Fascism's Stranglehold
"[The discovery is a] disgrace [for the police in the western region of North Rhine-Westfalia and impacted the force] to its core.""We are talking about the nastiest and most disgusting neo-Nazi, racist and refugee-hostile hatred.""I have to tell you that this process makes me speechless. And I haven't been able to get it out of my mind since I found out about it.""We have to ask unpleasant questions of ourselves. Who knew about this? Why was this tolerated for years? By whom?"Herbert Reul, interior minister, North Rhine-Westfalia"The battle against right-wing extremism is in the DNA of the police.""The fact that there are, nevertheless, officers who share radical, far-right and xenophobic content in chat groups is unbearable."Michael Maatz, regional deputy chair, GdP union
There were 126 images in total, many of them grounds for lawful punishment, shared on five WhatsApp chat groups predominantly or exclusively dominated by police officers, 25 of whom were on the same police force in the city of Essen, asked to hand in their badges and weapons yesterday. Disciplinary measures are underway for the intention of termination against 14 of the officers, eleven of whom are suspected of having carried out criminal offences.

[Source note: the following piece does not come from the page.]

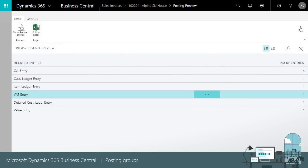All sub ledger amounts will be reflected in general ledger entries. Sales revenue and COGS GL accounts are taken from the general posting setup.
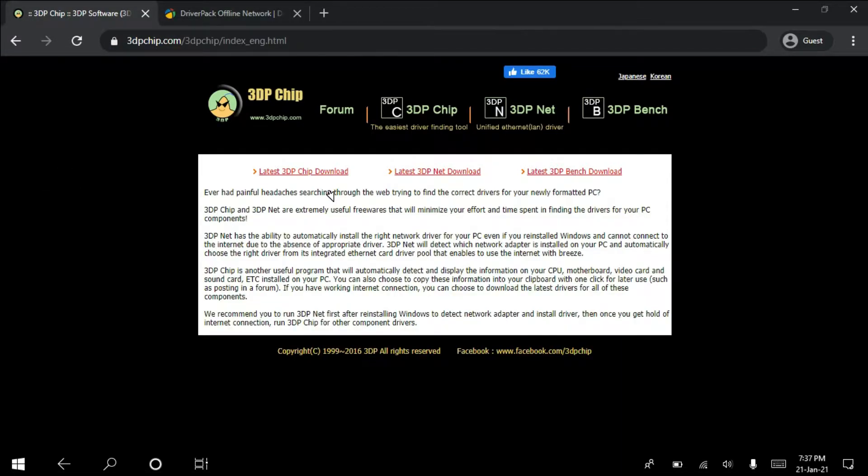If you need a new version, you can download the latest 3DP Chip using the download link. You can download the new version and install drivers the same way. You can use the drivers to install the driver pack. You can install the DriverPack Solution and install drivers automatically.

At 34 locations such as private homes and police stations, early morning raids were carried out. Extreme-right scandals have plagued police and military units in Germany. Prominent public figures have received death threats from neo-Nazis. Left-wing politicians and lawyers in recent years have been threatened, the incidents linked to police computers. The WhatsApp chat groups were revealed when an inquiry was launched into those threats, where it was revealed officers shared racist and anti-Semitic content.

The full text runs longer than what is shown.